### Exercise prompt
Please repeat every entry exactly as written, but skip the pictures.

### Excerpted data

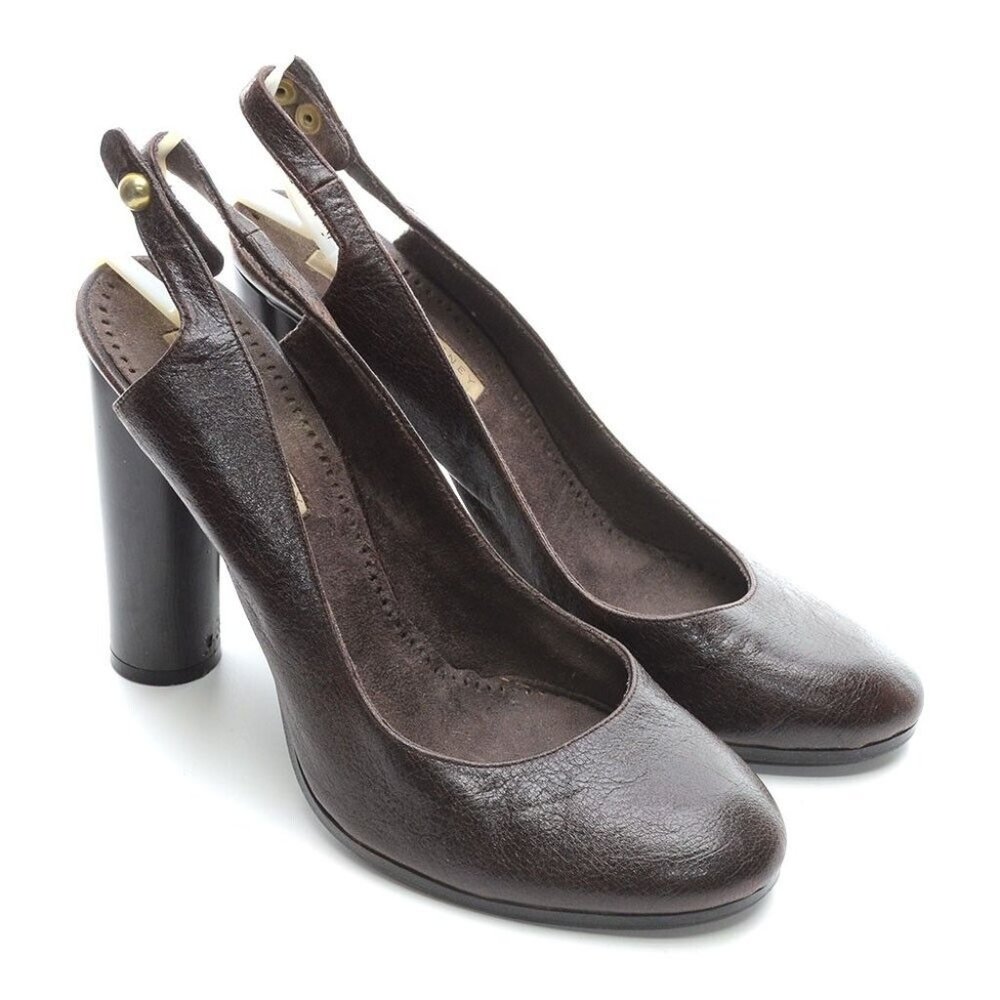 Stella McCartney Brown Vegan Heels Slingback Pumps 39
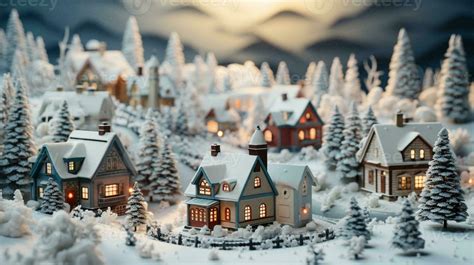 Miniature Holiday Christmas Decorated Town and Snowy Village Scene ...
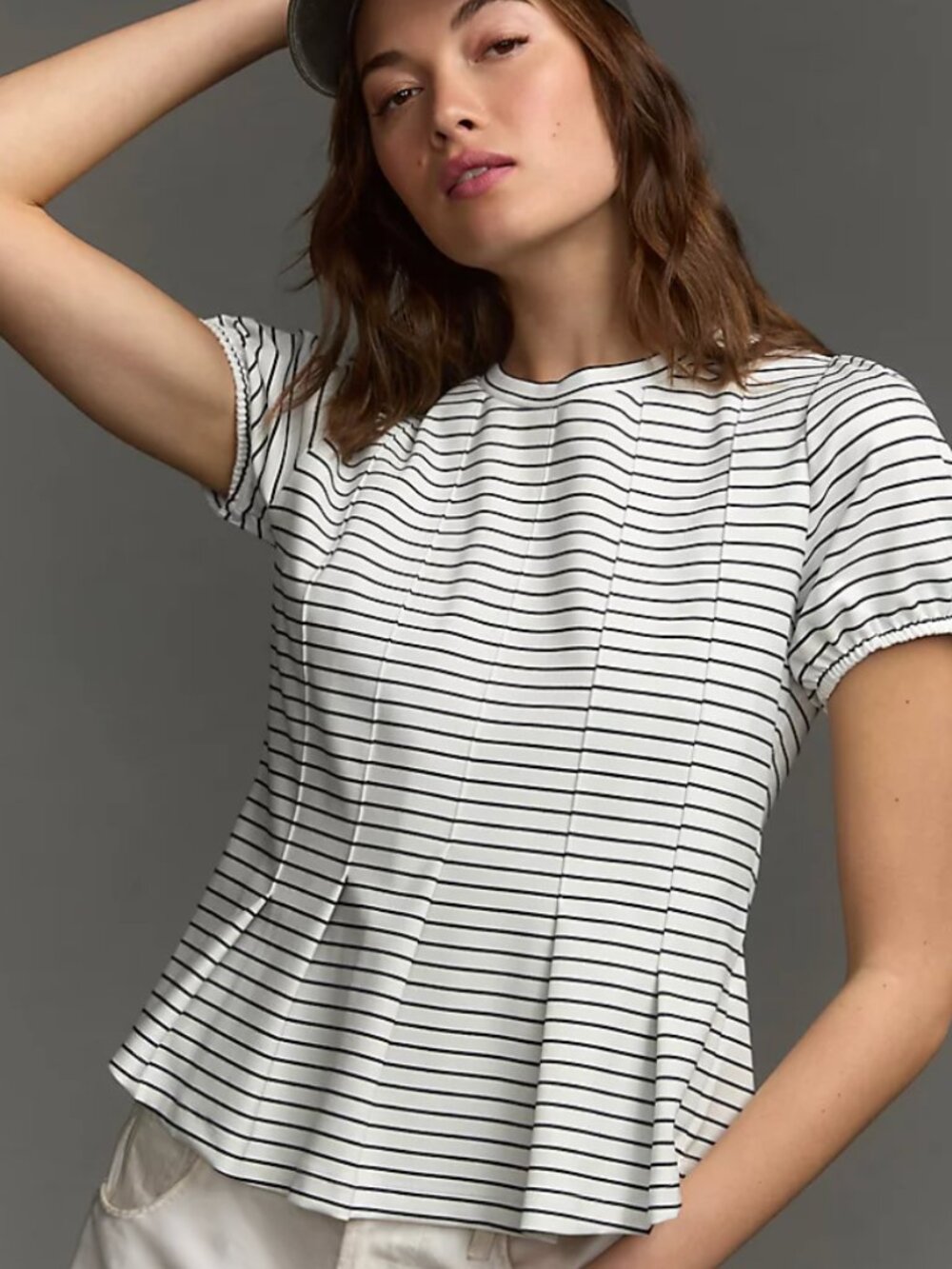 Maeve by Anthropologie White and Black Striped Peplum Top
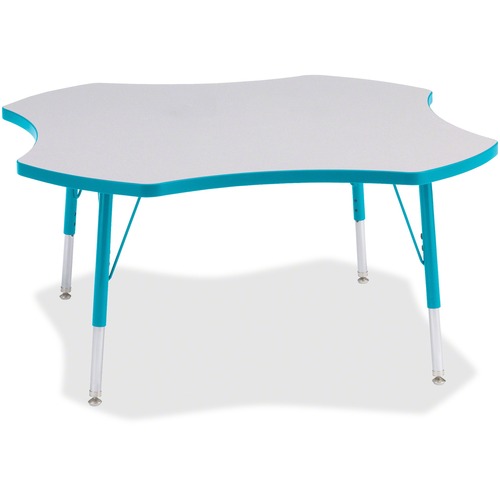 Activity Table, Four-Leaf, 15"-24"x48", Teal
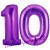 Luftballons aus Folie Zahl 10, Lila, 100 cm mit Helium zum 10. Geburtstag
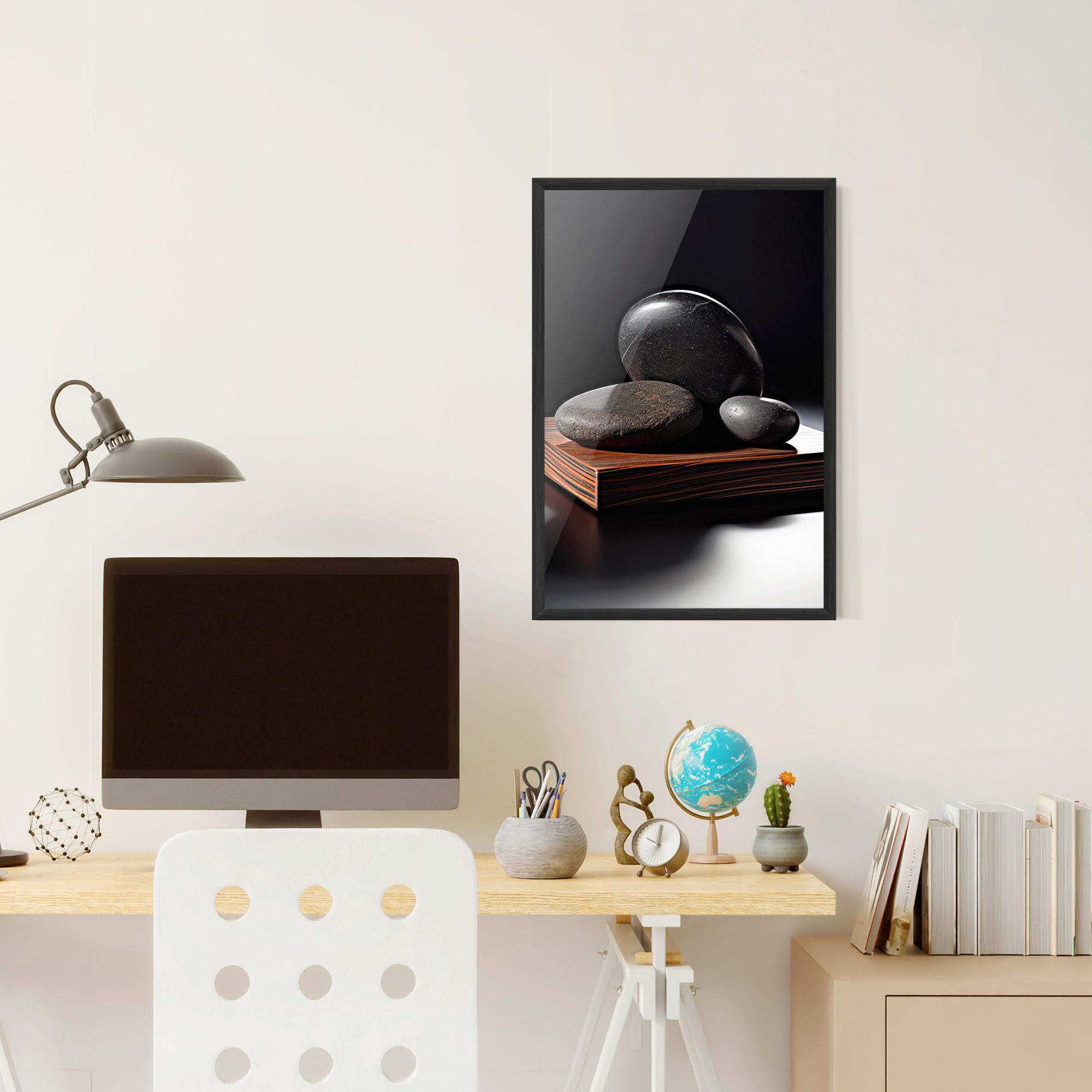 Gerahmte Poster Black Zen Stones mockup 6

### Answer
 Stella McCartney Brown Vegan Heels Slingback Pumps 39
 Miniature Holiday Christmas Decorated Town and Snowy Village Scene ...
 Maeve by Anthropologie White and Black Striped Peplum Top
 Activity Table, Four-Leaf, 15"-24"x48", Teal
 Luftballons aus Folie Zahl 10, Lila, 100 cm mit Helium zum 10. Geburtstag
 Gerahmte Poster Black Zen Stones mockup 6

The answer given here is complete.